Multiple dual specificity protein tyrosine phosphatases are expressed and regulated differentially in liver cell lines.

An emerging subclass of protein-tyrosine phosphatases (PTPases) exhibits sequence identity to the vaccinia H-1 (VH-1) gene product. These VH-1-like PTPases possess the canonical HCXAGXXR(S/T) sequence common to all PTPases, but unlike other PTPases they exhibit dual catalytic activity toward phosphotyrosine and nearby phosphothreonine residues in substrate proteins.
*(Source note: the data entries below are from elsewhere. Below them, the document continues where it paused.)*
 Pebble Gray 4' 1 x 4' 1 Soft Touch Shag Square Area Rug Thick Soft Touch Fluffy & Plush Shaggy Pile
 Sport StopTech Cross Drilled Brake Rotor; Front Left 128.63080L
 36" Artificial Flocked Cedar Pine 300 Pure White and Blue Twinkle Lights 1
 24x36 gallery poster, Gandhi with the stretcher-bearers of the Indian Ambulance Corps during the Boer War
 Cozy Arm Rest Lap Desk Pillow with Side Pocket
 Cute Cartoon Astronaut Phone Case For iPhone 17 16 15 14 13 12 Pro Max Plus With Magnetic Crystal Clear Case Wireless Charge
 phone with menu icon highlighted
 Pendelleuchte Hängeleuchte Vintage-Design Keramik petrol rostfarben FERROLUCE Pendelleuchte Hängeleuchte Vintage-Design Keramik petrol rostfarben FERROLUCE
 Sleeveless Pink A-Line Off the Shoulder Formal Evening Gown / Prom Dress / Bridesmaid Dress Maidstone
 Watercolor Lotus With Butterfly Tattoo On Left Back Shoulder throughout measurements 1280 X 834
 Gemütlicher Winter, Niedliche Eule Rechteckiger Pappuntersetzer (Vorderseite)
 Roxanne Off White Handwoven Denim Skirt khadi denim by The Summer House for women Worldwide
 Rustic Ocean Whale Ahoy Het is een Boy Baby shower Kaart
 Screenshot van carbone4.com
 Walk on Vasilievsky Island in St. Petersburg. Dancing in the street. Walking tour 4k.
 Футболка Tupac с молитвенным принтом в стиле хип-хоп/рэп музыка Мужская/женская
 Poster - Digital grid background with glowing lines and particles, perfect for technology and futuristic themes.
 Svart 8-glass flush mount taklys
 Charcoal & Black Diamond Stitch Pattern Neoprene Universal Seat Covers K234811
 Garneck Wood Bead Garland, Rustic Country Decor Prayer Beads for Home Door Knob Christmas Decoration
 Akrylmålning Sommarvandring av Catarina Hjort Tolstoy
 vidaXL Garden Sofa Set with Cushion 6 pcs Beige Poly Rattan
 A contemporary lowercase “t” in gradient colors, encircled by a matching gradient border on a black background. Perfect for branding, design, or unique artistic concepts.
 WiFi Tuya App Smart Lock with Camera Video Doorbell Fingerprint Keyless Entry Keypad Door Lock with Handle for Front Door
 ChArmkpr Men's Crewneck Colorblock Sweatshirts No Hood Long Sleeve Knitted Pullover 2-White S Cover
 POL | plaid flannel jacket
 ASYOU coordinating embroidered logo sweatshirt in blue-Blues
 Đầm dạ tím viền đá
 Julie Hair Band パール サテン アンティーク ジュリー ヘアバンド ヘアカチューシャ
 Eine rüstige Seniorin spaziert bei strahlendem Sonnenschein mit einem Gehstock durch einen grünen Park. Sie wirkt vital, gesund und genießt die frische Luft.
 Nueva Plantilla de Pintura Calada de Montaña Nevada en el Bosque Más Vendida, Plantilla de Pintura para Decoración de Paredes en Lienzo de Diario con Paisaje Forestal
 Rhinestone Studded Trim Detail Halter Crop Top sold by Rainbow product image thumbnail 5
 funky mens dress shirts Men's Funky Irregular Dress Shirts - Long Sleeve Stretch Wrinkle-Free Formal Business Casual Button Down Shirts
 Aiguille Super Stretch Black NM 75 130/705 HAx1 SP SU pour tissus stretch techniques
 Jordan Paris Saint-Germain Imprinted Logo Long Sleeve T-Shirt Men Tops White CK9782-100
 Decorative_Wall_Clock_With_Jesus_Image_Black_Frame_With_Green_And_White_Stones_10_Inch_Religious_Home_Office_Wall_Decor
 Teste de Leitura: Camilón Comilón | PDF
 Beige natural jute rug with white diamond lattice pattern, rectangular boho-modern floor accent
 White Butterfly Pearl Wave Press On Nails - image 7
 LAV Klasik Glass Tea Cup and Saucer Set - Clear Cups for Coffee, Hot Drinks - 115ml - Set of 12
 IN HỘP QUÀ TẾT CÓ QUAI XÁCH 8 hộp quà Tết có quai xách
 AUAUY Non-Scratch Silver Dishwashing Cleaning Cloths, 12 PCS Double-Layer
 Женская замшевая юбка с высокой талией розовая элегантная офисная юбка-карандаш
We have isolated a novel VH-1-like PTPase, hVH-3, from the human placenta and compared various aspects of its expression with previously isolated members of this subfamily. The mammalian members of this subfamily including hVH-3 commonly localize to the nucleus and exhibit catalytic activity toward phosphorylated extracellular signal-regulated kinase. However, while the expression of some VH-1-like PTPases is extremely transient and independent of protein synthesis, hVH-3 expression is sustained over 3 h after being cell stimulated. Tissue-specific expression of hVH-3 is also distinct from other VH-1-like PTPases. Although VH-1-like PTPases have overlapping substrate specificity, there are differences in their mRNA regulation, response to extracellular stimuli, and tissue-specific expression, suggesting they serve specific roles in cellular function.